Task description ->
Every line below from the one with "Одинокое дерево зимой. Саксонская Швейцария." through the one with "White Mountain NP I New Hampshire" is to be repeated exactly, with no picture among them.

Input data ->
++++
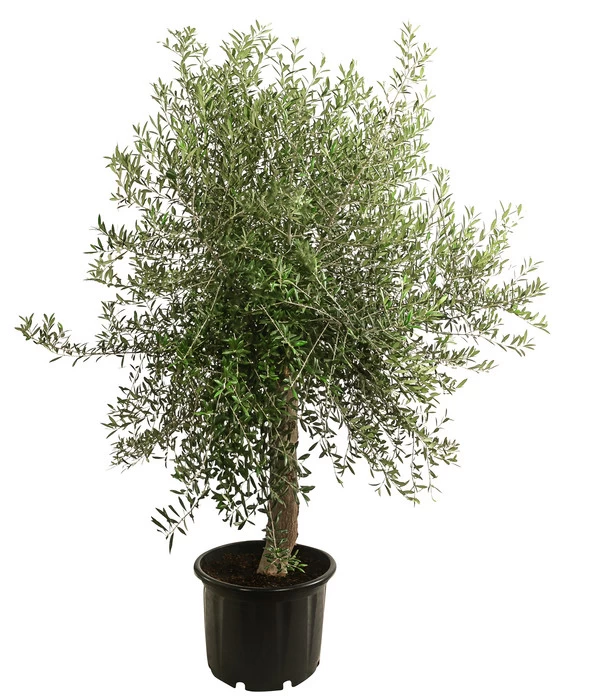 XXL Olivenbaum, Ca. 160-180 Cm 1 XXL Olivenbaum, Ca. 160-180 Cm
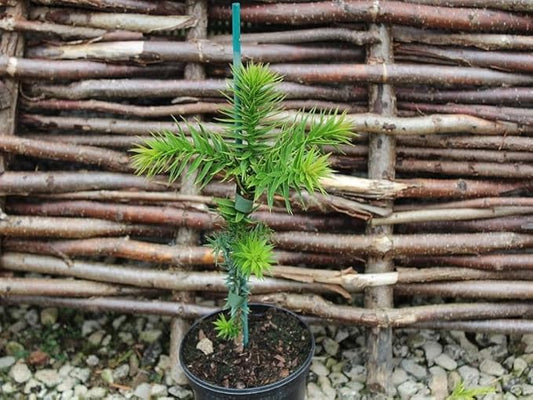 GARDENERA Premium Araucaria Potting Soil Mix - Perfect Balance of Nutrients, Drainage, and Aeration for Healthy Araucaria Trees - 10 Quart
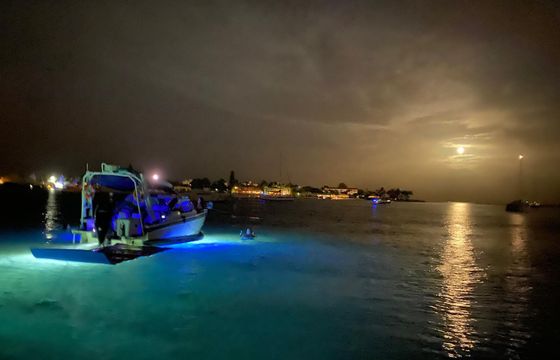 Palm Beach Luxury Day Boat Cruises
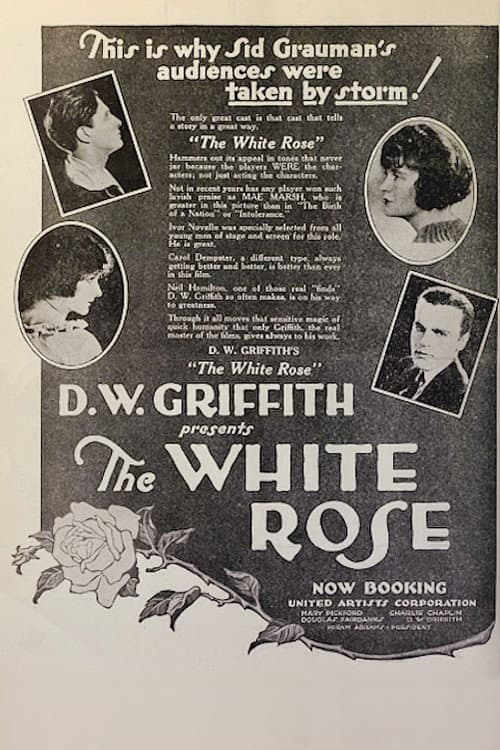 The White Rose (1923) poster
++++
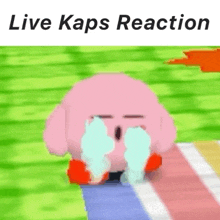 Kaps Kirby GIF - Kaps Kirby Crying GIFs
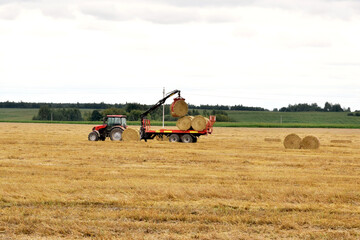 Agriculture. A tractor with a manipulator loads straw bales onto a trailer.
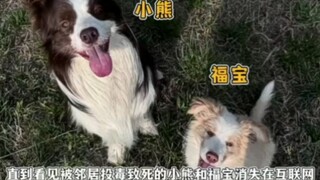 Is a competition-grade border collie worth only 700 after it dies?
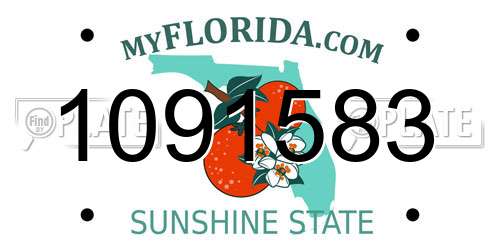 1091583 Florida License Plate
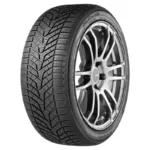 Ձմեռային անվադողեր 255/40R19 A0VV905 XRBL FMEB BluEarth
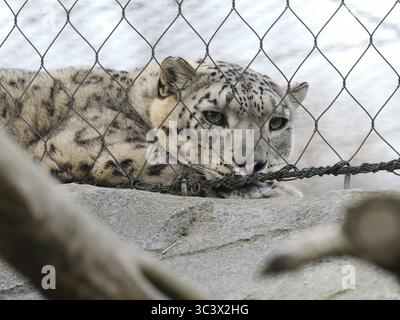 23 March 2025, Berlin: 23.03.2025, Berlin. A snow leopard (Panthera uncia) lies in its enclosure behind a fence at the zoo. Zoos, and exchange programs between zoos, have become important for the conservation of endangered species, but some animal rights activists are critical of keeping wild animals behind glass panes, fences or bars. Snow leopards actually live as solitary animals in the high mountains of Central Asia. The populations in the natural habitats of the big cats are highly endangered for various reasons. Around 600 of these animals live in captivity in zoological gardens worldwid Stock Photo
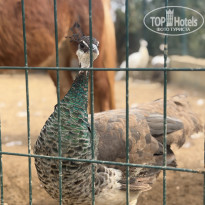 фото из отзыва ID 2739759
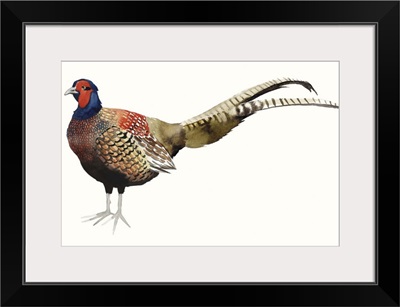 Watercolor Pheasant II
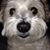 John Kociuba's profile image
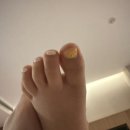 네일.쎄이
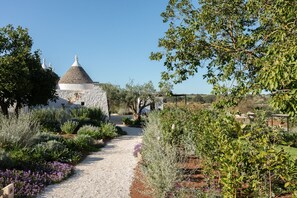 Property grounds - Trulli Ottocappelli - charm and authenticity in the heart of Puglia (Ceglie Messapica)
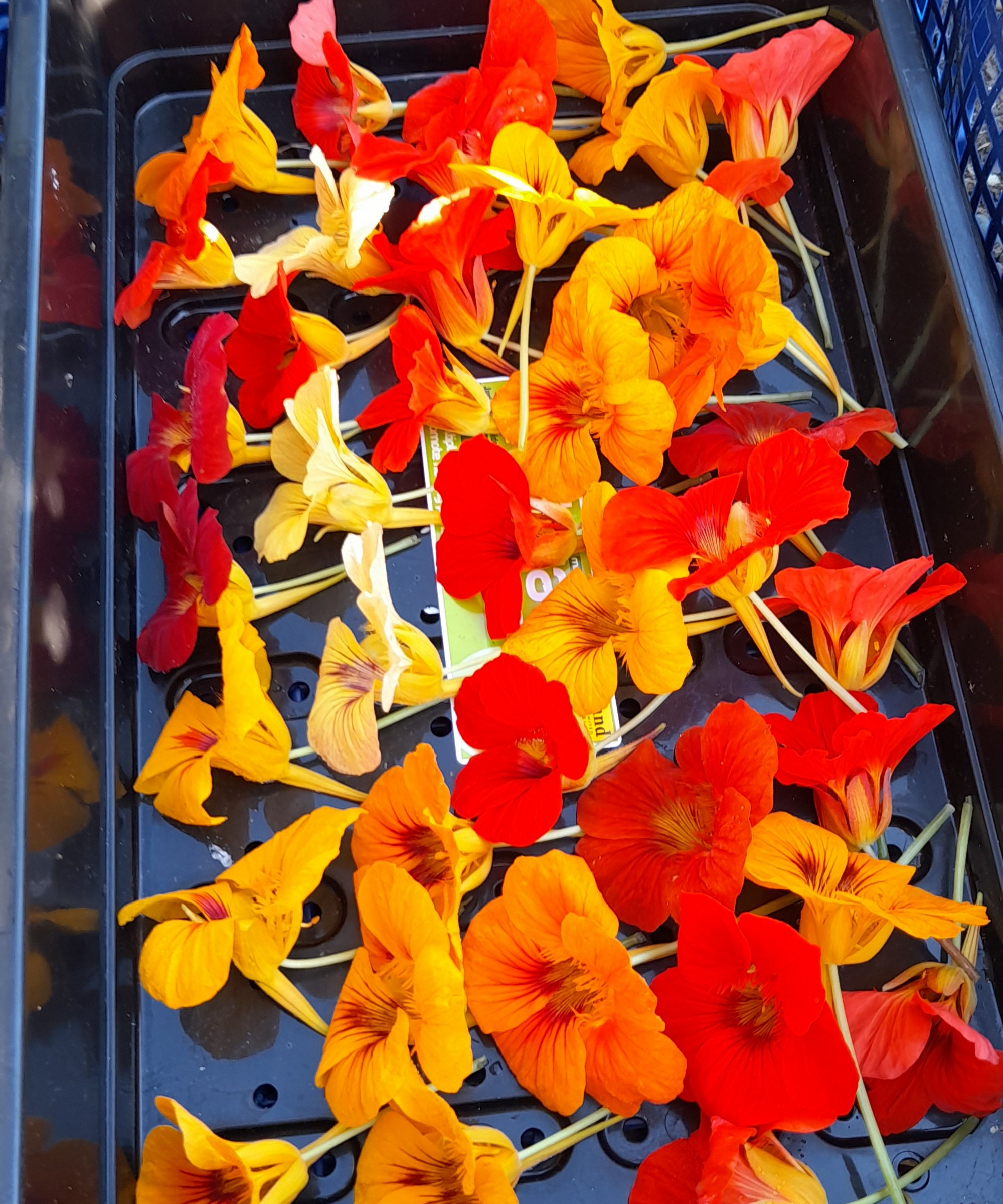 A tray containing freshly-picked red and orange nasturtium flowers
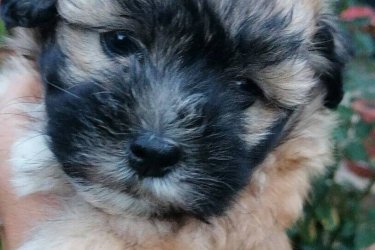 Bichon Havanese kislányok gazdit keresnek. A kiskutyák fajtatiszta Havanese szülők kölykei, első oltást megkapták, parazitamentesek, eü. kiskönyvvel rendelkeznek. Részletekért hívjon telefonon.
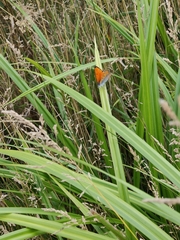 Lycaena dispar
++++
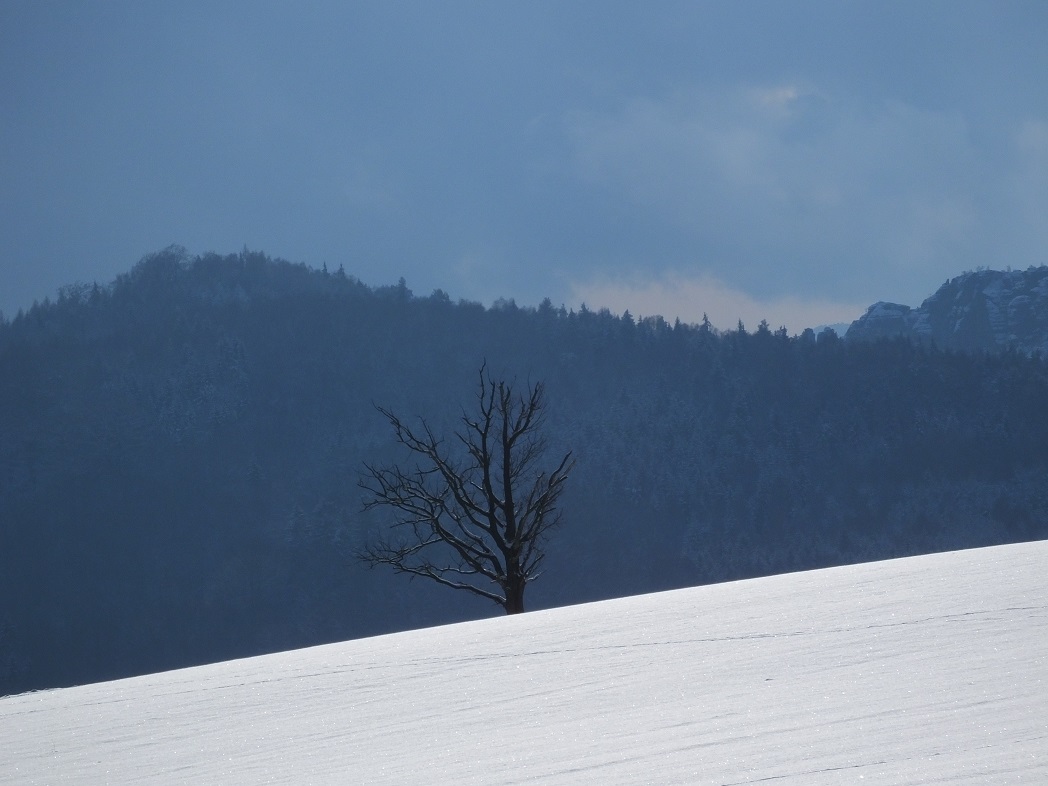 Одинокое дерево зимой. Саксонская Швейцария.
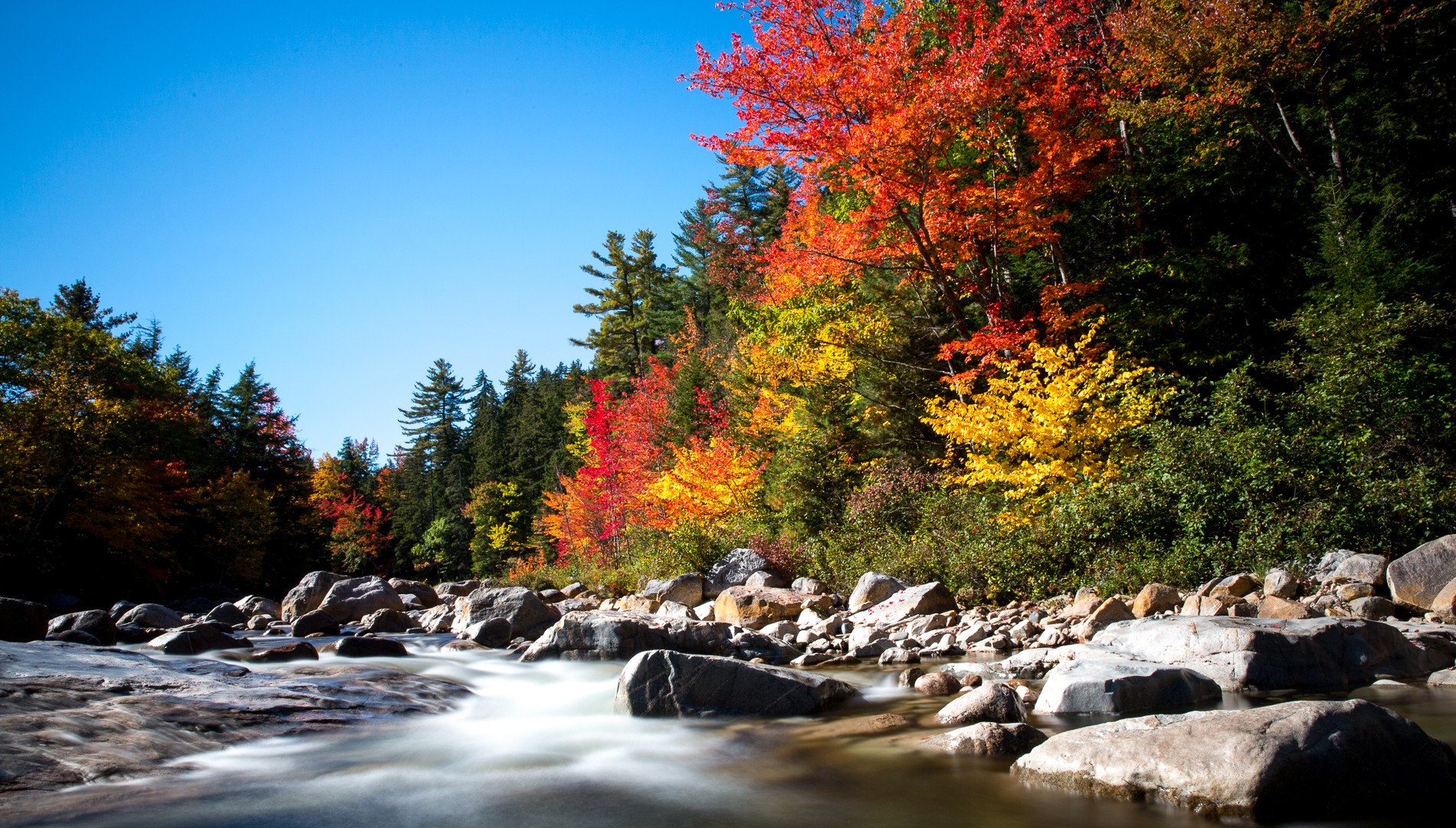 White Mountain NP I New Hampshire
++++
Solution ->
 Одинокое дерево зимой. Саксонская Швейцария.
 White Mountain NP I New Hampshire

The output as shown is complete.